Spoken dialog systems

Problem

The problem is for the user to communicate a task to a machine through a verbal dialog. A dialog consists of several ’turns’, with the user and the machine speaking alternately within each turn.

Since the machine’s ‘belief’ (aka dialog state) about the user’s task changes as the dialog proceeds, this problem is also called belief-tracking.

Examples

Voice mail system. Bus route information system. Route system.

Domain ontology

The set of concepts the interaction involves is often limited. For example, in the voice-mail system, the concepts may be limited to Name, Message, Action (having values ‘record message’, ‘save message’, ‘delete message’). This naturally limits the language internally used by the machine, though to interact with the user a richer language may be used.

Interaction graph

The chain of events involved in dialog-processing is as follows. First the user has a goal \(S_u\) he wants to communicate. Also, the dialog itself has a current state \(S_d\), based on what has already been uttered. \(S_u, S_d\) cannot be observed by the machine.

The user then speaks something - ie acts on an intention \(A_u\).
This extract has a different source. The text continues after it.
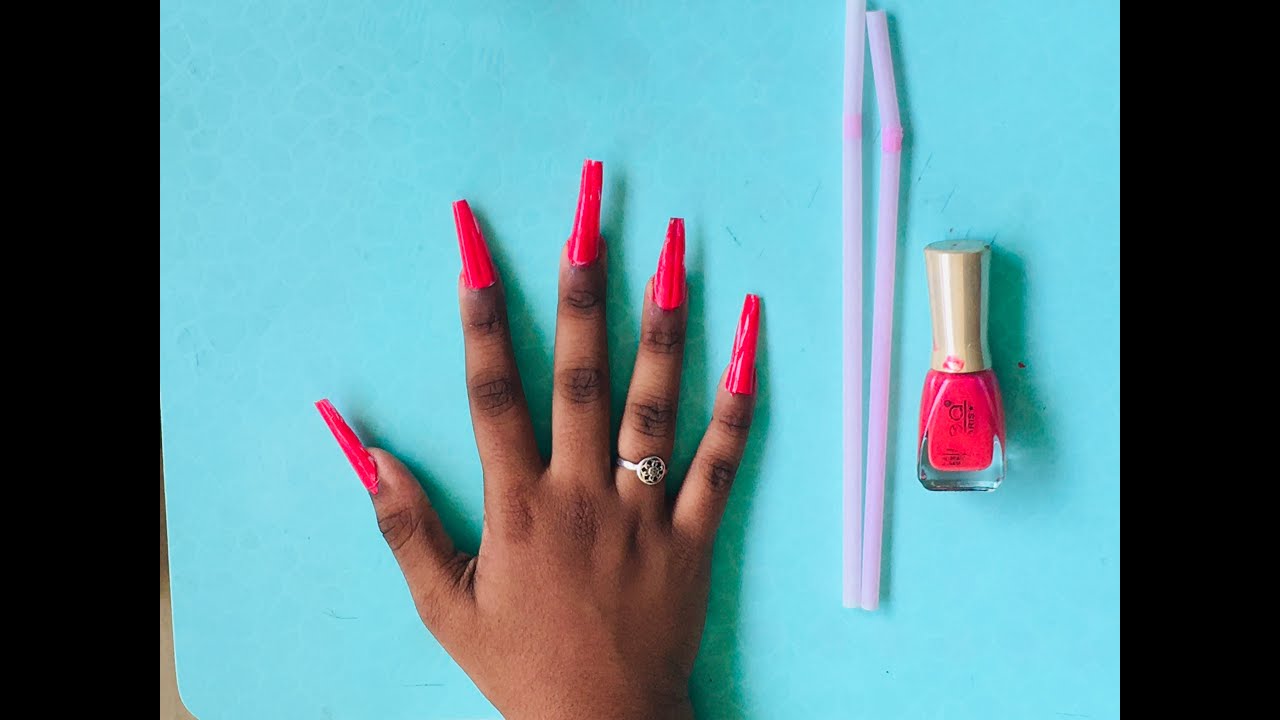 How to make artificial nails with plastic straws//craft tutorial//nails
This is transformed into speech/ percieved action \(Y_u\).

This is processed by the Automatic Speech Recognition (ASR) module, which provides a scored list of possible phrases the user has uttered.

The output of ASR is passed to a (usually domain specific) parser or natural language understanding (NLU) module. This outputs a scored list of utterences: \(\set{(A’_u, c)}\) in a certain well-defined language. \(A’_u\) is usually in a language specific to the domain, eg: (Bus = 40, start = StopA, end = StopB).
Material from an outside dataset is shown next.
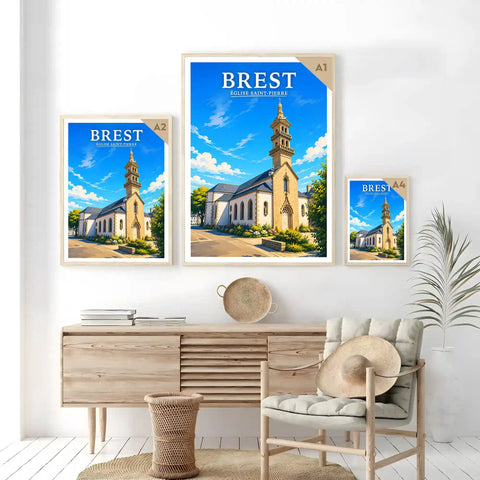Affiche Brest Église Saint-Pierre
The output of the NLU is then passed to the belief tracking system, which then produces a scored list of beliefs, or a belief state \(S_m\) which is meant to approximate \((S_u, S_d, A_u)\).

A decision-making module (aka decision manager) considers \(S_m\) and chooses what action \(A_m\) to perform (including what to say to the user). \(A_m\) in-turn affects the dialog model/ belief state.
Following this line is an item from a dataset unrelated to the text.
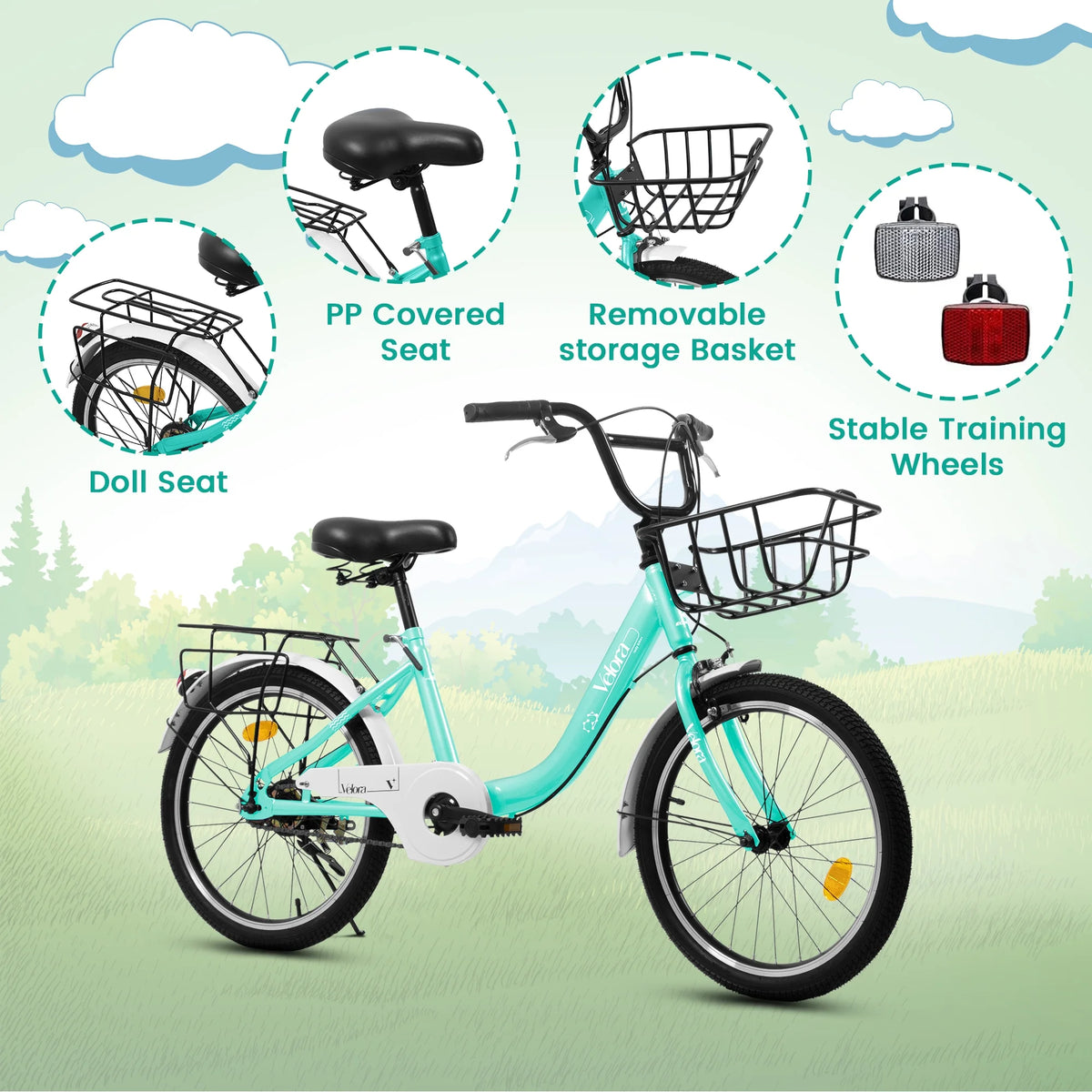 20 in Kids Bike for Boys & Girls Age 5 - 10, Children'S Bicycle with Front Basket & Rear Rack, Commuter Bike for School & Leisure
\(A_m\) is then used by the language generation modules to communicate with the user. Thence, speech/ action \(Y_m\) is produced, which is then decoded as representing \(A’_m\) by the user.

The above can be visualized as a directed graph with various components being represented by nodes and messages labelling arrows.

The ASR and NLU modules use Finite State Transducers for their functioning.